WHAT YOU WILL DO » Could you transcribe exactly the lines below, from the line with "Arpit's PSM Made" through the line with "2024年度爆梗盘点.pdf", and nothing else, leaving out the pictures?

DATASET CONTENT »
[Start of section]

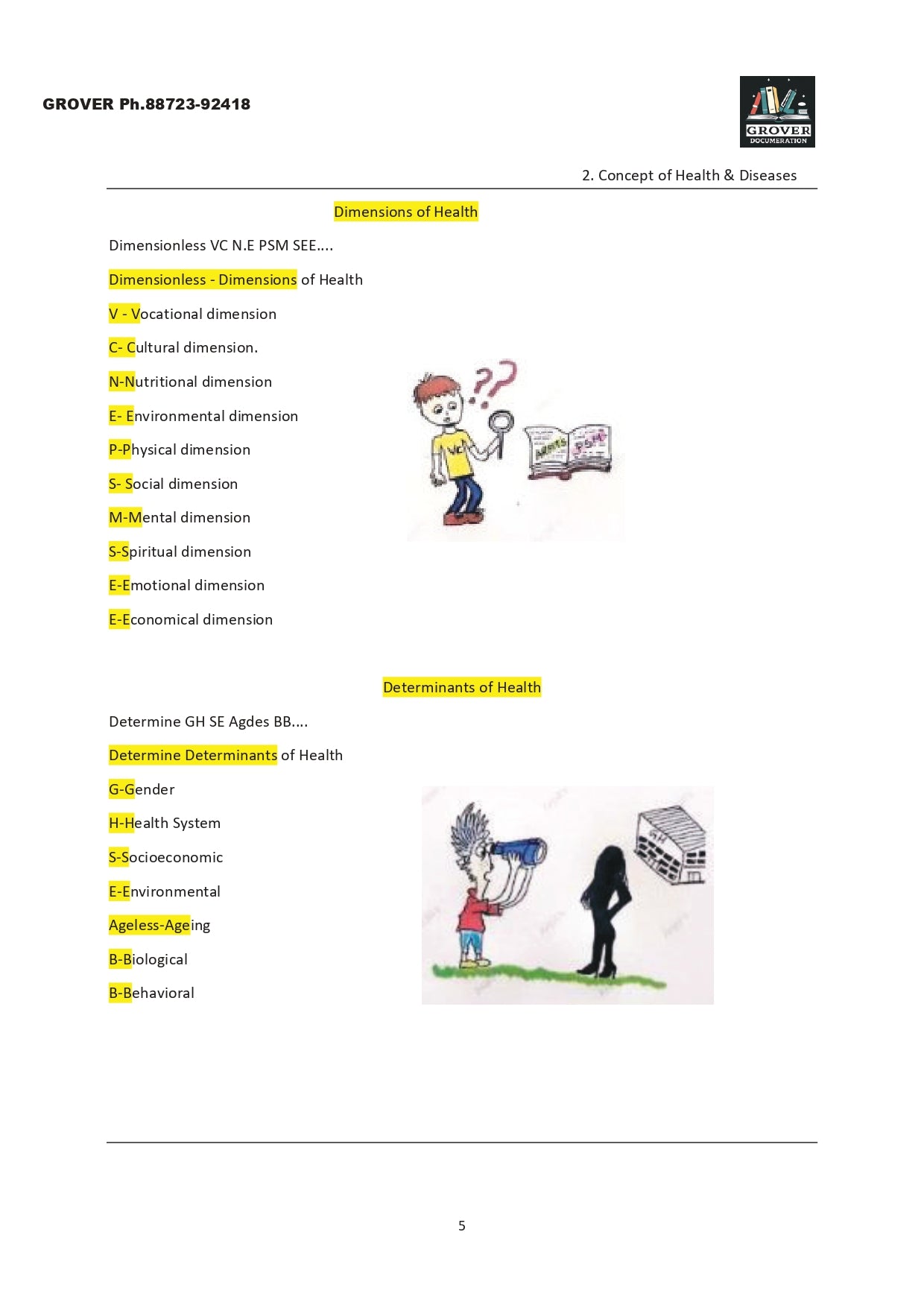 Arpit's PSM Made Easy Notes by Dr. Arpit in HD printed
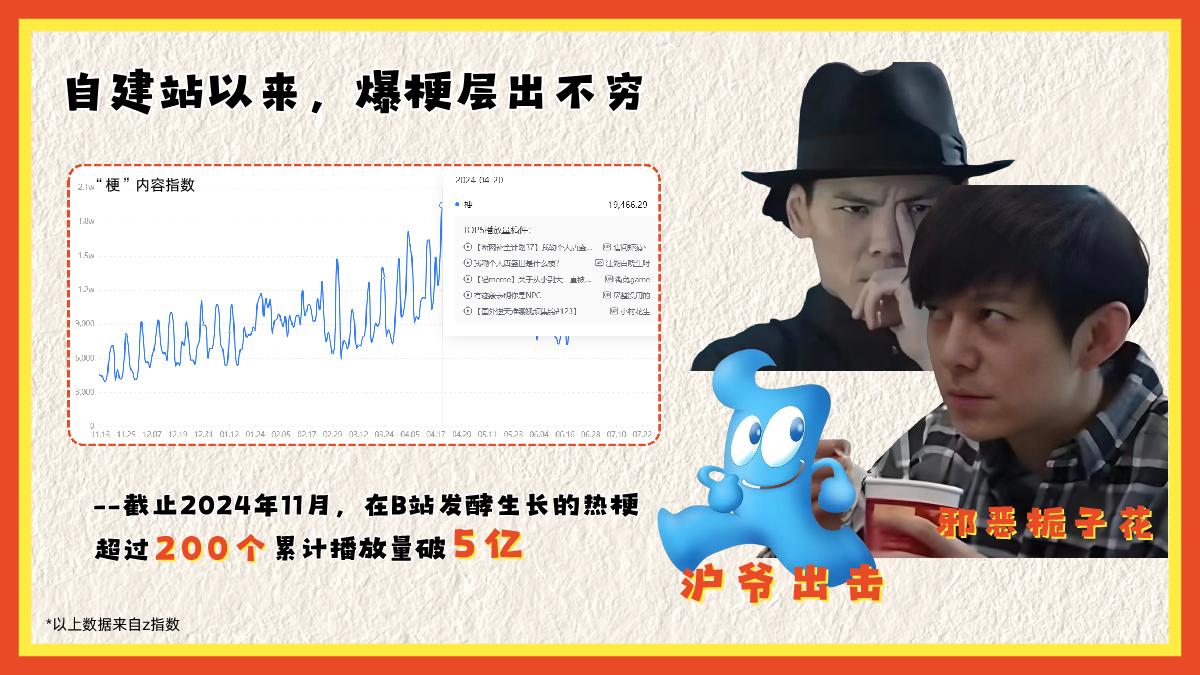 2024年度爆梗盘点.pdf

[End of section]
[Start of section]

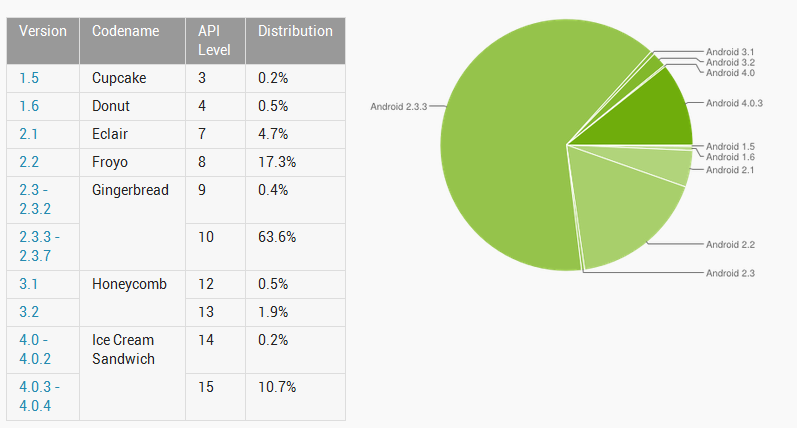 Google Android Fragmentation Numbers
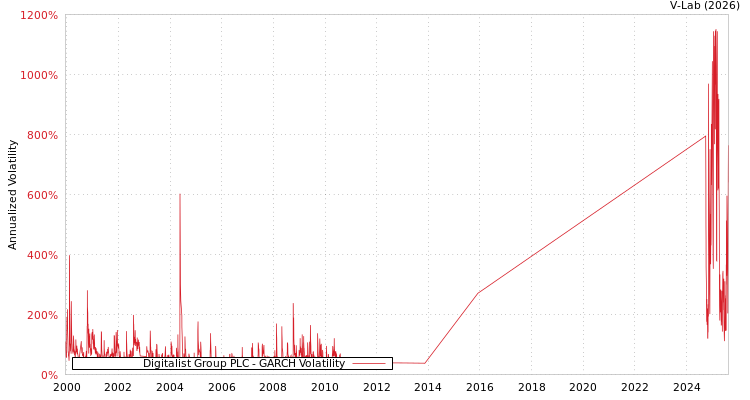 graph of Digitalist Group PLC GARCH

[End of section]

RESPONSE TO THE TASK »
 Arpit's PSM Made Easy Notes by Dr. Arpit in HD printed
 2024年度爆梗盘点.pdf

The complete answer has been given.